Robust Online Correlation Clustering

Authors: Silvio Lattanzi, Benjamin Moseley, Sergei Vassilvitskii, Yuyan Wang, Rudy Zhou

NeurIPS 2021 | Conference PDF | Archive PDF | Plain Text | LLM Run Details

Reproducibility Variable Result LLM Response
Research Type Experimental We provide a novel online algorithm for Correlation Clustering, which is robust to noise and can be applied in real-time streaming settings.
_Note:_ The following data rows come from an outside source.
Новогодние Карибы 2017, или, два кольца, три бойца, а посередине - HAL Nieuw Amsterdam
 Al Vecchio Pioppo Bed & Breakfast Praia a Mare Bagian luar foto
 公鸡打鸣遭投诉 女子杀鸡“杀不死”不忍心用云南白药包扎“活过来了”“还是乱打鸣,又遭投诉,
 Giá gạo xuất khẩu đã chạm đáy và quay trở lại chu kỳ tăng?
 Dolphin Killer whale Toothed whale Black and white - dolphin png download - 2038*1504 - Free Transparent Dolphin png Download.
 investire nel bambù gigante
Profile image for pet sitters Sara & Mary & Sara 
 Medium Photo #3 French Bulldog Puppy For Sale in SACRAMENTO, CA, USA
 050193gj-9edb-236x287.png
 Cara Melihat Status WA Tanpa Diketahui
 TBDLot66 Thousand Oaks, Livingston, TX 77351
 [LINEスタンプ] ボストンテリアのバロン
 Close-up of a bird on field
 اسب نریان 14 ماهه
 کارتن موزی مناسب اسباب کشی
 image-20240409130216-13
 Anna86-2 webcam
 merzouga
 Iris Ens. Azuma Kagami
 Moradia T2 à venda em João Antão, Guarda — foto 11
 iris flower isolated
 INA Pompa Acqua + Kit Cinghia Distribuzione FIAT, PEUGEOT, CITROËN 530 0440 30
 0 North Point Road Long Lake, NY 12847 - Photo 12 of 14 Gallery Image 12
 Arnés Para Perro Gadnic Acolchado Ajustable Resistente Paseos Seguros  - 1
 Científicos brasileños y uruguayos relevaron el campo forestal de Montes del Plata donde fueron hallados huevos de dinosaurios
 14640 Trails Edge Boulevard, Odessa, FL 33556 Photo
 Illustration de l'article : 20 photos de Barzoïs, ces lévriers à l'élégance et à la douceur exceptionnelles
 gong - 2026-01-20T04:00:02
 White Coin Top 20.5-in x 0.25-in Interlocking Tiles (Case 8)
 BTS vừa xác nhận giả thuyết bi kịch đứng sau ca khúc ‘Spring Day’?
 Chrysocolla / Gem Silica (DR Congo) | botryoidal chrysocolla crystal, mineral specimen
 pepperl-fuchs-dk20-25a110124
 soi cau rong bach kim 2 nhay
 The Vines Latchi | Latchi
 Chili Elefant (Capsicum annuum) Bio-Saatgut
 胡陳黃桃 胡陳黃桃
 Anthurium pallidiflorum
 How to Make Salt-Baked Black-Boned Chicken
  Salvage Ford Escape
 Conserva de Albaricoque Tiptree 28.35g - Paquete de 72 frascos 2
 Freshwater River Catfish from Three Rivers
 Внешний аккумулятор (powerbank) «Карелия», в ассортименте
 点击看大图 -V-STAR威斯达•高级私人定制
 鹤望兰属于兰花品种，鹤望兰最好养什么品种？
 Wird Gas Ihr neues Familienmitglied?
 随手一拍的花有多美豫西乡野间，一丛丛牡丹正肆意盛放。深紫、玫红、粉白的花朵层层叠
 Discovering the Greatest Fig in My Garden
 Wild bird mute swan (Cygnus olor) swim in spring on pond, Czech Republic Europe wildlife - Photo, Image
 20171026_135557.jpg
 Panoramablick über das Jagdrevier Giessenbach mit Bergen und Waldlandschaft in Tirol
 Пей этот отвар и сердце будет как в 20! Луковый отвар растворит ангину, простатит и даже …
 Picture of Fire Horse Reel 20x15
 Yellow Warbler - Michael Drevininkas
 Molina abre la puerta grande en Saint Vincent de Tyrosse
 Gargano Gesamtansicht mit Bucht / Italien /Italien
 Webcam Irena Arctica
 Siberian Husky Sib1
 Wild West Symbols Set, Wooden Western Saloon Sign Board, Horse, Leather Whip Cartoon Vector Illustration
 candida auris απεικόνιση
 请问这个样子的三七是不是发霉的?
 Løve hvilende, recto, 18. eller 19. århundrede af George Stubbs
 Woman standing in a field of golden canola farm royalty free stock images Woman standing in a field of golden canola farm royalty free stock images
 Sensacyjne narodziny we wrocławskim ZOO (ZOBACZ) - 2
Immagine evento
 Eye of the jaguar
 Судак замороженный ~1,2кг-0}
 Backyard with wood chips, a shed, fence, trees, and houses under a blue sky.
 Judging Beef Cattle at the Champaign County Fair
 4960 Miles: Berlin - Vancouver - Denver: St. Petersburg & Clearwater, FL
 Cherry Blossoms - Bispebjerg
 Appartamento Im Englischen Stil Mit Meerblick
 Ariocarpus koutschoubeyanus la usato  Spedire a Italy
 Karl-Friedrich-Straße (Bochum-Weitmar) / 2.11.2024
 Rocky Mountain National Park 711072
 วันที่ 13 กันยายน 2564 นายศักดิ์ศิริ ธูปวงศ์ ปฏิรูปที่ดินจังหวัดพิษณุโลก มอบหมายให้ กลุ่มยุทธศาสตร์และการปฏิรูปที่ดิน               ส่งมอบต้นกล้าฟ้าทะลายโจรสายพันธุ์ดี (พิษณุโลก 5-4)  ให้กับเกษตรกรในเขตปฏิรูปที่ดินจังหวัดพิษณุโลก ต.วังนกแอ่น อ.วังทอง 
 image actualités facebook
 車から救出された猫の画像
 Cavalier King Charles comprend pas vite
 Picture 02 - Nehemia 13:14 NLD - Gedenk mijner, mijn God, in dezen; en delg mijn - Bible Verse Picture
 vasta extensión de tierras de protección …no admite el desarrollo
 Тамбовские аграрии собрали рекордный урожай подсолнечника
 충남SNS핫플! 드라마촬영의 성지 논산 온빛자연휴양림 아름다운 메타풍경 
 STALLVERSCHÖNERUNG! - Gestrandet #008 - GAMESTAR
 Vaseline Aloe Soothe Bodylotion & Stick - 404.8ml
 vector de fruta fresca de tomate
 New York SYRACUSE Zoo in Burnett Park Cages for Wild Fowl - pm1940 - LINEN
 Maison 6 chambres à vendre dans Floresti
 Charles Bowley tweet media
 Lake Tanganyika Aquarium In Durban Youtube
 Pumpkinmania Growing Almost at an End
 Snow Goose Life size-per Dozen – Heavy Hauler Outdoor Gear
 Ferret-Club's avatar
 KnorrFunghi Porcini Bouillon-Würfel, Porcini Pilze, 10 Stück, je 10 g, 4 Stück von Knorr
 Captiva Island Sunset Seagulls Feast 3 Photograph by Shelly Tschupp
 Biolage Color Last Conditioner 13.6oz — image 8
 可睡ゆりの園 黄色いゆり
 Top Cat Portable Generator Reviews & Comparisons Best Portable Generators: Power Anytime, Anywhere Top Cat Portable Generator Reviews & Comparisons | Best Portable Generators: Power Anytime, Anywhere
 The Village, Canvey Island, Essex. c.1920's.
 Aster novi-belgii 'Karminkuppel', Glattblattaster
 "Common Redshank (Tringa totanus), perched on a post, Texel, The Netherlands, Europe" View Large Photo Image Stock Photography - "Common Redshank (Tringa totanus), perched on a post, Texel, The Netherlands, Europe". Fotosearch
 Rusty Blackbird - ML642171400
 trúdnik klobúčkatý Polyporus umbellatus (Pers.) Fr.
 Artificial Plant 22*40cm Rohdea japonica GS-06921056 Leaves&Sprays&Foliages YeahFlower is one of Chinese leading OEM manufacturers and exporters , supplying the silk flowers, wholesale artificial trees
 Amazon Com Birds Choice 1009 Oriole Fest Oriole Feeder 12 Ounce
We provide theoretical guarantees for the performance of our algorithm and complement our theoretical analysis with an extensive experimental evaluation on synthetic and real-world datasets.
Researcher Affiliation Academia Sayan Das, Archan Ray, Somdeb Sarkhel, A. M. Sharan and Saptarshi Ghosh Indian Statistical Institute, Kolkata, India
Pseudocode Yes Algorithm 1: ROCC(G)
Open Source Code No No explicit statement or link providing access to the open-source code for the described methodology was found.
Open Datasets Yes For real-world datasets, we use three popular benchmarks that are widely used in the literature of correlation clustering: Blogs, Cora, and Slashdot. These datasets are publicly available from the Stanford Network Analysis Project (SNAP).
Dataset Splits Yes For BlogCatalog, we randomly sample 1000 nodes from the original network and form a graph with 20380 edges and 39 labels. For Cora, we consider the largest connected component of the graph, which consists of 2485 nodes, 5069 edges and 7 labels. For Slashdot, we consider the largest connected component consisting of 77360 nodes, 458999 edges and 20 categories. For synthetic datasets, we generate graphs of varying densities and sizes, ranging from 100 to 1000 nodes.
Hardware Specification No No specific hardware details (e.g., CPU/GPU models, memory, cloud instance types) were mentioned.
Software Dependencies No No specific software dependencies with version numbers were mentioned.
Experiment Setup Yes The parameters (c1, c2) for our algorithm are set to (0.5, 0.5) for the theoretical analysis and kept fixed throughout all experiments. For the synthetic datasets, we vary the number of nodes from 100 to 1000. We average the results over 50 runs.